“I watched them burying her,” said Adam. “From the window. They didn’t see me.”
“This wasn’t a … you didn’t dream it?” said Zeb. “You must’ve been fucking fetal!” Adam gave him the fisheye: not only did he not approve of obscenity, he never seemed to get used to it. “I mean, really young,” Zeb amended. “Kids make stuff up.” For once he was shaken: he could barely think straight.
If Adam’s story was true – and why would he invent this? – it changed Zeb’s whole view of himself. Fenella had shaped his story about his past, and also the one about his future, but suddenly Fenella was a skeleton: she’d been dead all along. So, no secret helper waiting out there: he’d never had one. There was no understanding family member he would someday locate, once he’d found the Exit sign and unlocked the invisible locks and cut his way out of the Rev’s chicken-hawk-wired coop. He was flying a wing-damaged solo, all alone except for his joined-at-the-head-wound brother, who could well turn pious on him for real, he had the talent. Then Zeb himself would be drifting in Voidsville, out in the cold and dark, like a torn-loose astronaut in one of those old five-tomato space flics. He slammed a ball into the net.
“I was almost four,” Adam said in his I-have-spoken-and-therefore-it-is-so voice that was too much like the Rev’s for comfort. “I have clear memories of that time.”
“You never told me,” Zeb said. He was offended: Adam had not deemed him trustworthy. That hurt. They were supposed to be a team.
“You would have let it slip,” said Adam. “Then who knows what they would’ve done?” He tossed his ball up, tapped it lightly over the net. “You could’ve ended up under the rock garden as well. Not to mention me.”
“Wait,” said Zeb. “They? You mean fucking Trudy was in on this too?”
“I already told you,” said Adam. “There is no need to swear.”
“Sorry, it just fucking slipped out,” said Zeb. No way he was going to let Adam tell him how to talk. “Trudy the Good?”
“Must’ve been something in it for her,” said Adam in his I-am-loftily-overlooking-your-provocation voice. “If only blackmail material. Or maybe she wanted Fenella out of the way, to clear her path. My guess is she was already pregnant with you. The Church of PetrOleum doesn’t sanction divorce, what with the Holy Oil at the marriage ceremony. As we know.”

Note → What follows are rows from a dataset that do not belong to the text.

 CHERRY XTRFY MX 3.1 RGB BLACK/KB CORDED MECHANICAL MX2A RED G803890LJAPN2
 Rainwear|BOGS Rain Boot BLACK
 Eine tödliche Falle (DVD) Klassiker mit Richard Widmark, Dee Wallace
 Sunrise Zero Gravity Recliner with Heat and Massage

So now it was Zeb’s fault, the death of Fenella. For having the bad taste to get himself conceived. Shit. “How did they do it?” he said. “The two of them? Did they slip arsenic into her tea, or …” Not a decapitation, he thought, ashamed of himself. They wouldn’t have gone that far.
“I don’t know. I was only four. I just saw the burial.”

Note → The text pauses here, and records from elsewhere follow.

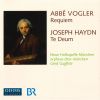 Download track 19. Vogler: Requiem - Agnus Dei - Agnus Dei 1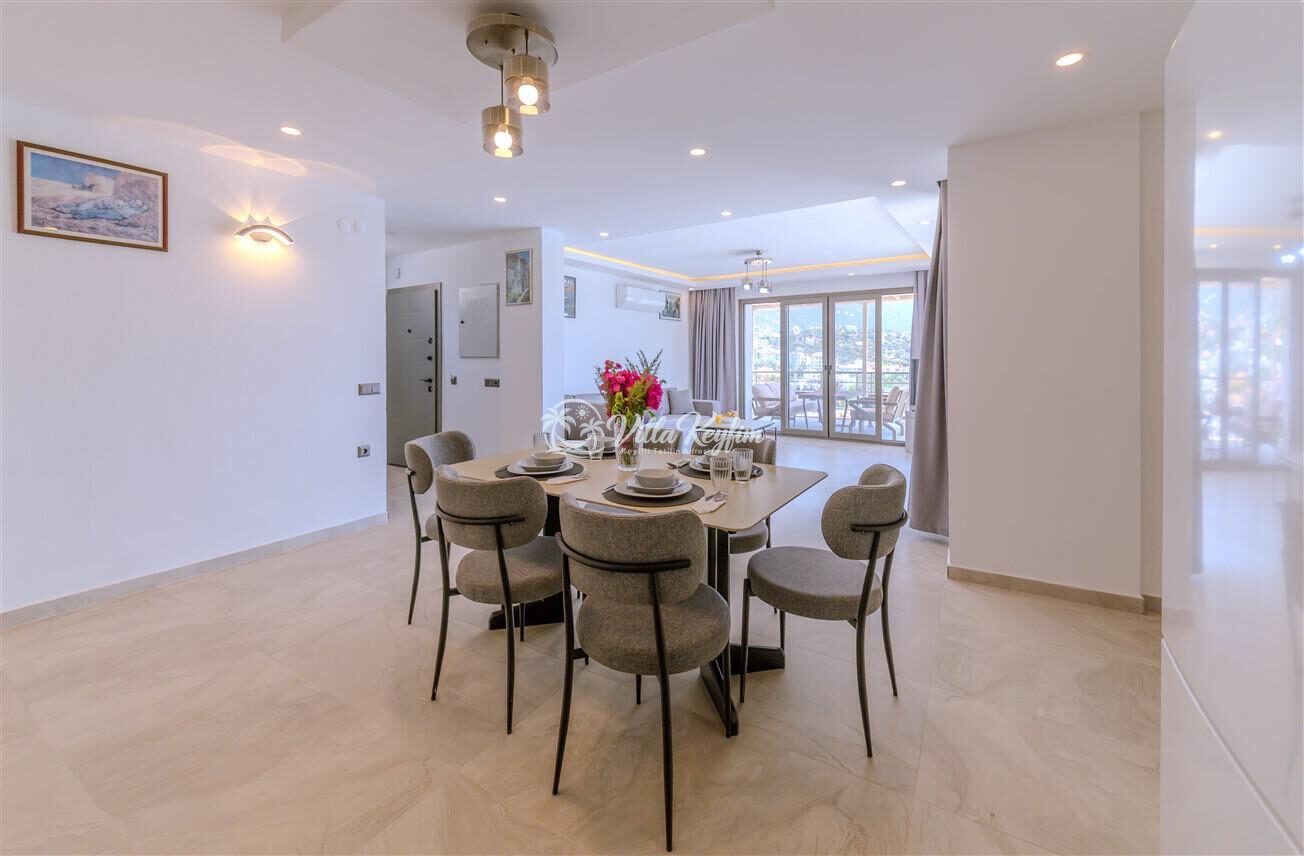 Villa Eterna — 36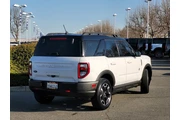 $23989 : Ford Bronco Sport 2022 AWD O thumbnail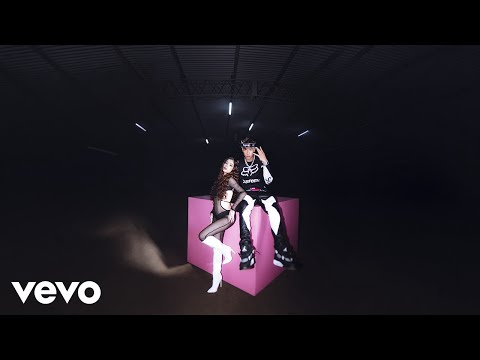 Martinwhite, Katteyes - POLLYPOCKET (Video Oficial)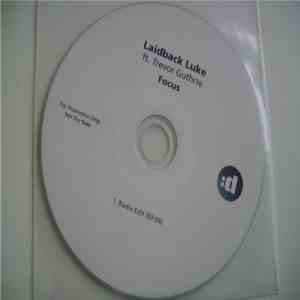 Laidback Luke Ft. Trevor Guthrie - Let It Go mp3 album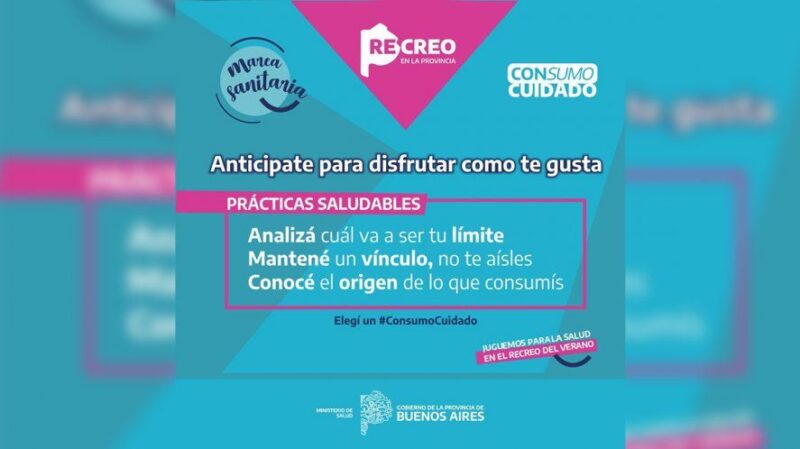 consumo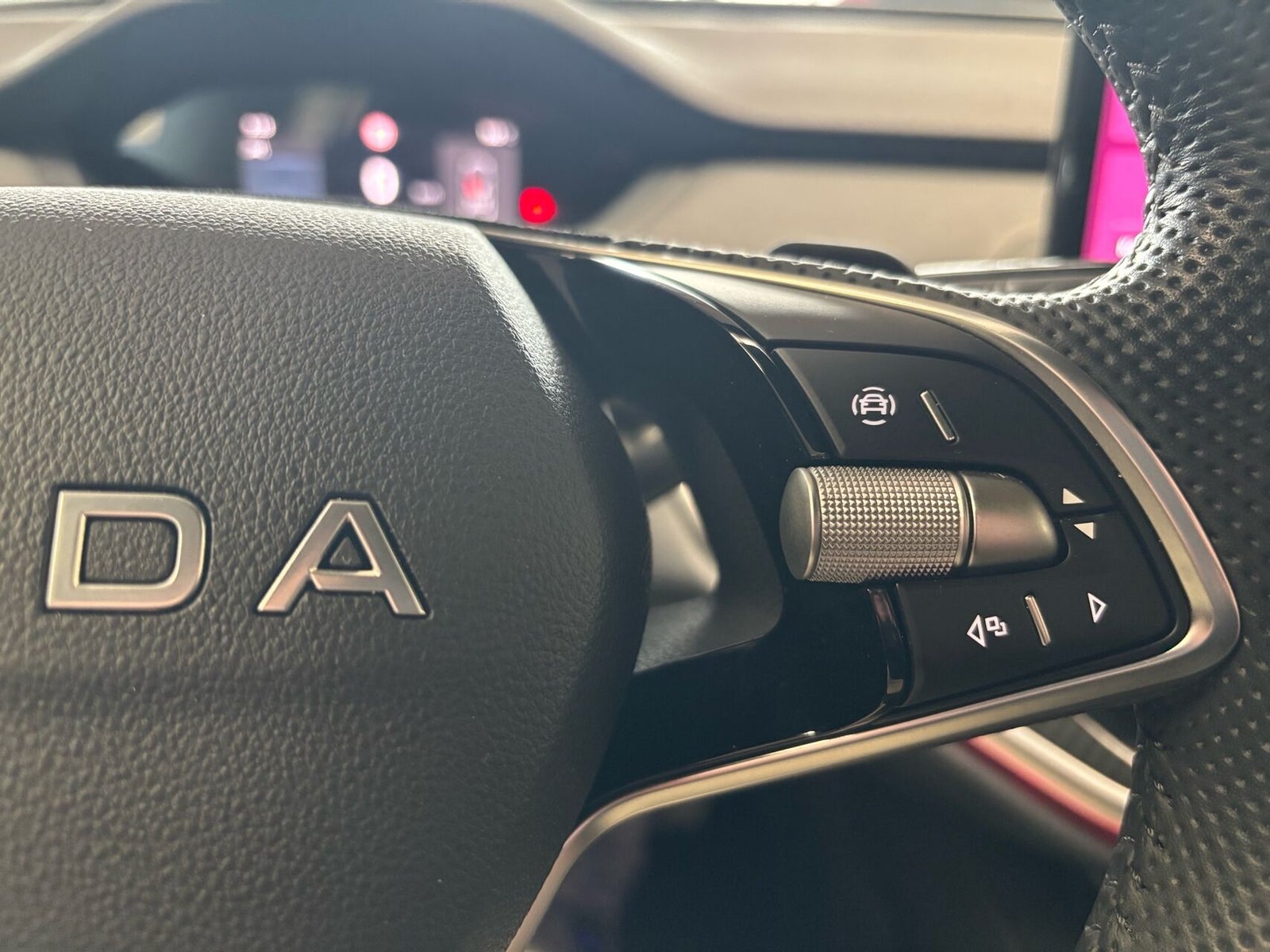 Skoda Elroq iV Sportline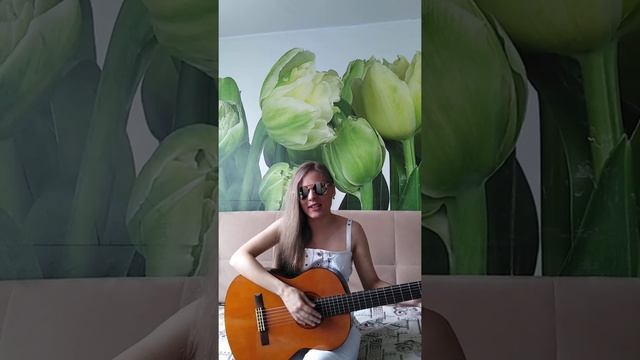 Кристина Томина "Одуванчики" смотреть онлайн
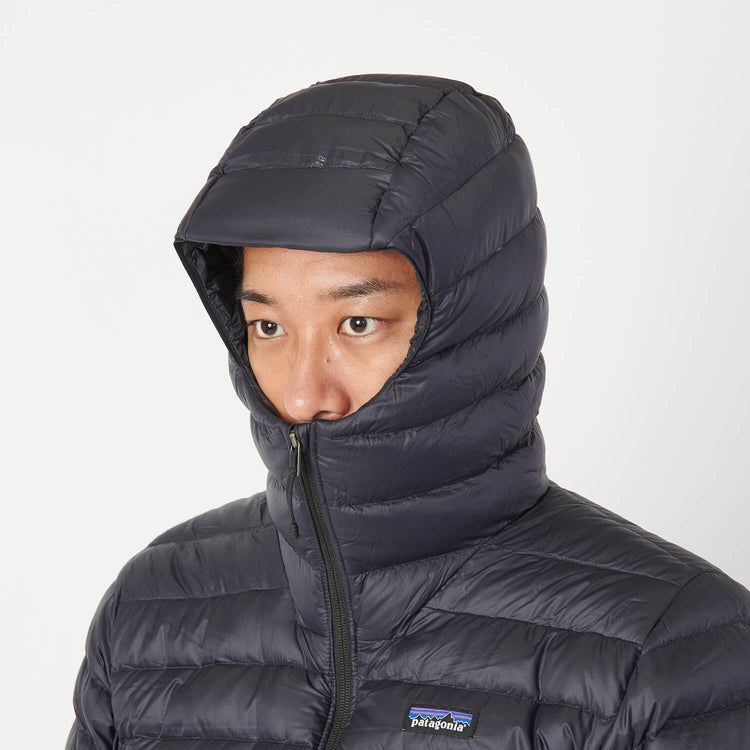 PATAGONIA パタゴニア　ダウンセータージャケット、インナーダウン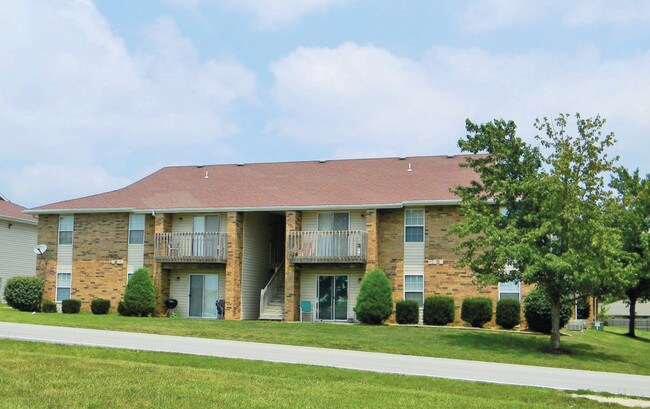 Campbell Flats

“So all that about her being whore-pill trash, deserting her baby and so forth, that was just …”
“It’s what the congregation wanted to believe,” said Adam. “And they did believe it. Bad mothers are always a good story, for them.”
“Maybe we should call the CorpSeCorps,” said Zeb. “Tell them to bring shovels.”

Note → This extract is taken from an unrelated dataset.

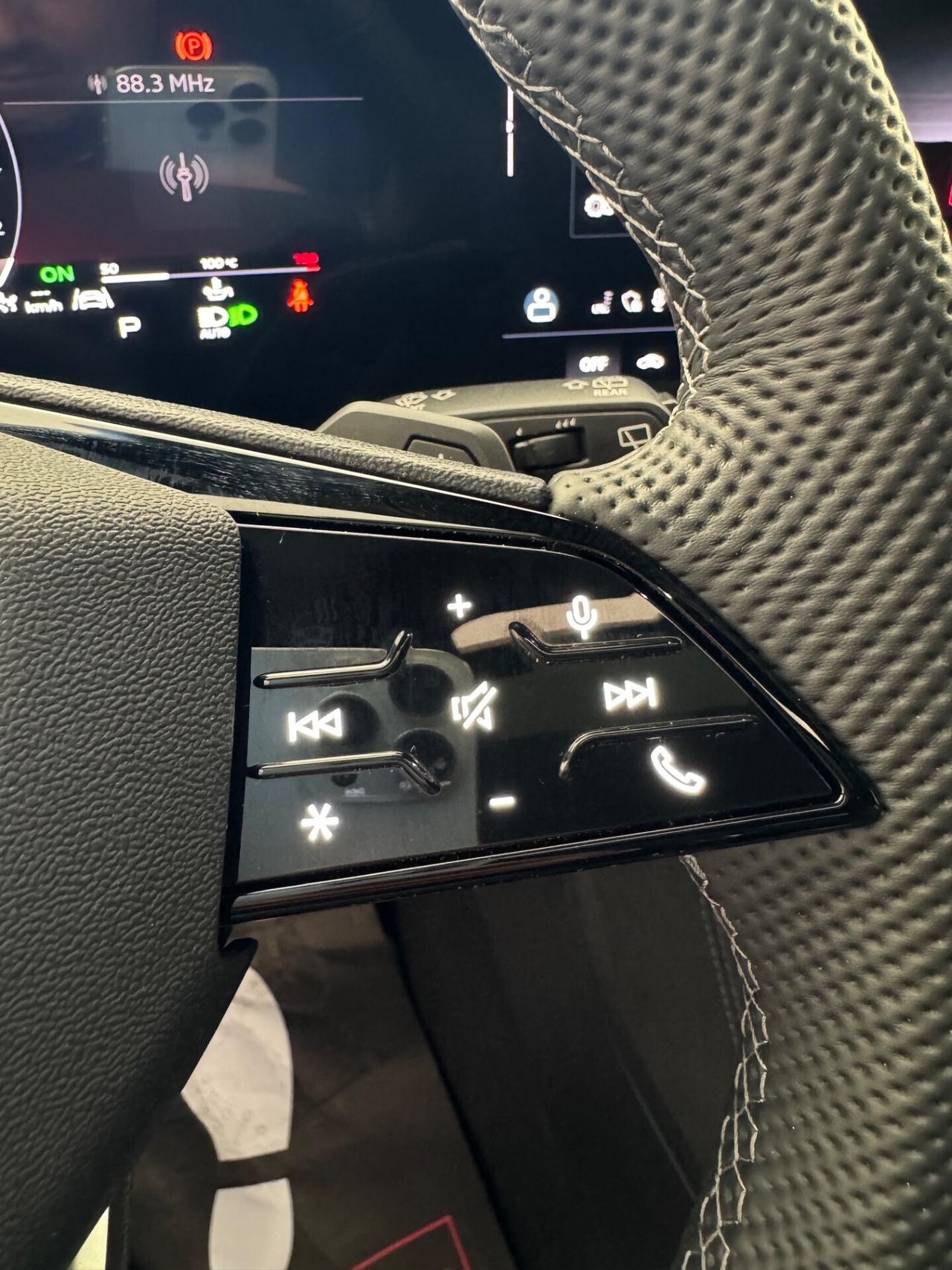 Audi Q5 SQ5 SPB TFSI mHEV+ quattro sport attitude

“I wouldn’t risk it,” said Adam. “There’s quite a few Petrobaptists on the force, and there are a number of OilCorps heavies on the Church board. There’s a lot of overlap because of the benefits to both parties. They’re agreed on the need to crush dissent. So the OilCorps would cover up for the Rev over a pure and simple wife murder that didn’t per se threaten its holdings, since they’d know there’d be much credibility lost through a scandal. They’d accuse the two of us of mental instability. Shut us away, use the heavy drugs. Or, as I said – dig a couple of new holes in the rock garden.”
“But we’re his kids!” said Zeb, sounding about two years old even to himself.
“You think that would stop him?” said Adam. “Blood is thinner than money. He’d hear a convenient voice from God, suggesting a son sacrifice for the greater good. Remember Isaac. He’d slit our throats and set fire to us, because this time God wouldn’t send a sheep.”
Which was about as dark as Zeb could remember Adam ever being. “So,” he said. He was out of breath, although they’d barely been moving. “Why are you telling me about this now?”
“Because if what you’ve said about your successful cash-diverting activities is true, we have accumulated enough money,” said Adam. “Also the Church might catch you doing the diverting. Time to go, while we still can. Before they send you off to die in the tar pits,” he added. “It would be called an accident. Of course.”
Zeb was touched. Adam was looking out for him. He always thought further ahead than Zeb did.